Degroot has also argued that the Solar System is a mosaic of dynamic environments that influenced, and were influenced by, human history. In 2025, he published a book, Ripples on the Cosmic Ocean, that argues that changes in cosmic environments revealed the existence of global risks, prompted debates about alien life, and shaped the histories of mass media, technology, and culture in previously unknown ways. He has argued that early efforts to prevent microbial contamination of the Earth and other worlds through space travel can be seen as a failure that shows how competitive and poorly regulated government or corporate programs create world-threatening risks.
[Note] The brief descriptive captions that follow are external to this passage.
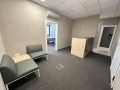 Под наем ОФИС, град София, Малинова долина • 4700 € • 60200560 — Holmes.bg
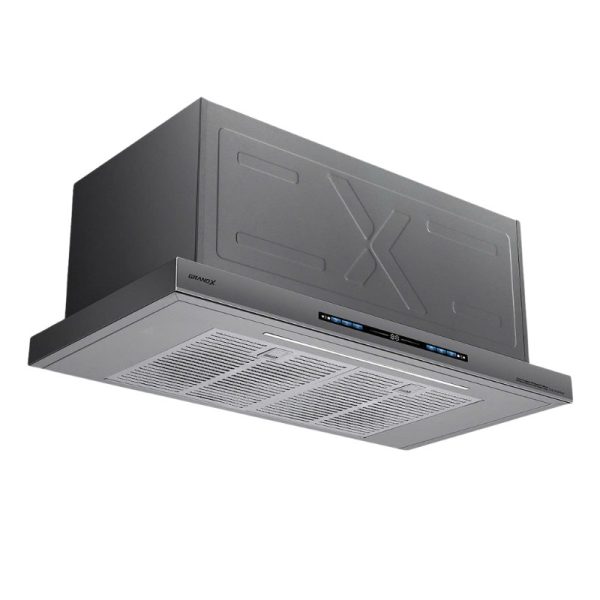 Máy Hút Mùi Âm Tủ GrandX GX H70F85G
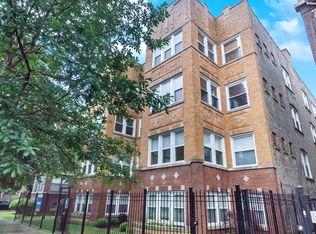 4704 N Sawyer Ave APT 2S, Chicago, IL 60625
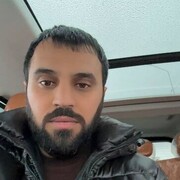 ���������� ��������, ������� ������, 30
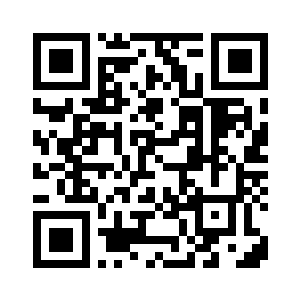 尽管有强大的神王级阵法守护二维码生成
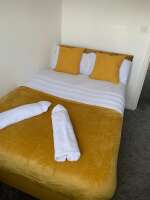 Bedroom2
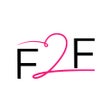 Ikona programu: Fit-2-Flaunt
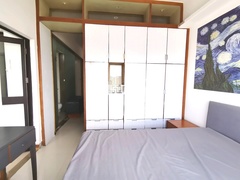 客厅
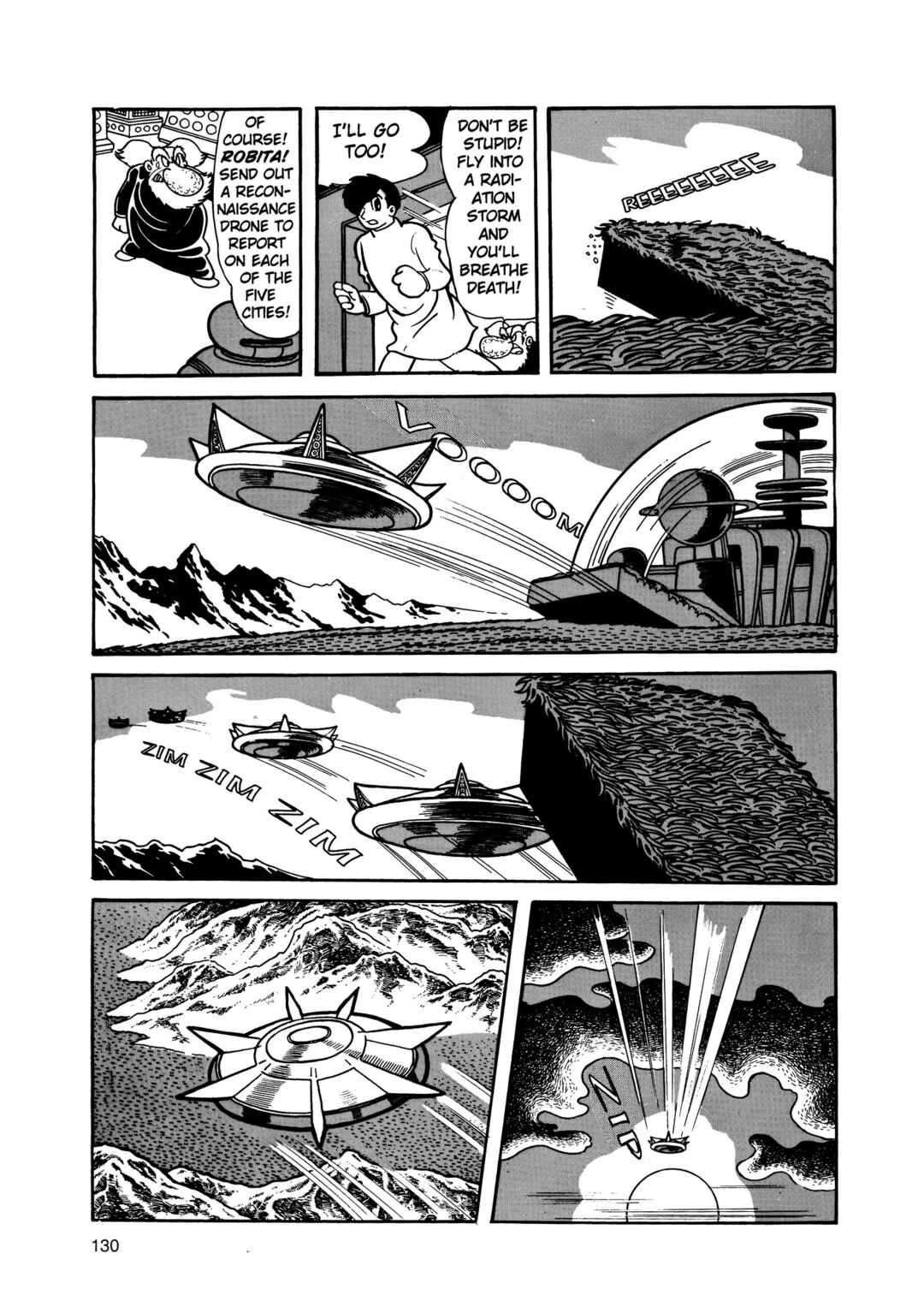 Chapter 2 - Page 129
Beyond conventional academic publishing, Degroot has used digital media to bring environmental history scholarship to broad audiences. He co-founded the Climate History Network, an international organization of approximately 200 scholars who study past climate change, and created The Climate Chronicles, a podcast and multimedia project on the history of climate change. The Climate Chronicles jointly received the European Society for Environmental History’s 2025 Bristol–Bern Prize in Public Environmental History. His other digital projects include Climate Tipping Points, an atlas of tipping-points research, and After2C, an interactive history of possible climate futures, written from 2100.

==Select bibliography==
===Books===
- "The Frigid Golden Age: Climate Change, the Little Ice Age, and the Dutch Republic, 1560–1720" (2018)
- "Ripples on the Cosmic Ocean An Environmental History of Our Place in the Solar System" (2025)

===Journal articles===

- Degroot, Dagomar (2023). "One Small Step for Man, One Giant Leap for Moon Microbes? Interpretations of Risk and the Limits of Quarantine in NASA’s Apollo Program"
- Degroot, Dagomar (2022). "Blood and bone, tears and oil: Climate change, whaling, and conflict in the seventeenth-century Arctic"
- Degroot, Dagomar (2022). "The history of climate and society: a review of the influence of climate change on the human past"
- Degroot, Dagomar (2021). "Towards a rigorous understanding of societal responses to climate change"
- Degroot, Dagomar (2018). "Climate Change and Society in the 15th to 18th Centuries"
- Degroot, Dagomar (2017). "A Catastrophe Happening in Front of Our Very Eyes: The Environmental History of a Comet Crash on Jupiter"
- Degroot, Dagomar (2014). "Never such weather known in these seas': Climatic Fluctuations and the Anglo-Dutch Wars of the Seventeenth Century, 1652-1674"
==Awards and recognition==
In June 2026, Degroot was awarded the Dan David Prize endowed by the Dan David Foundation and Tel Aviv University.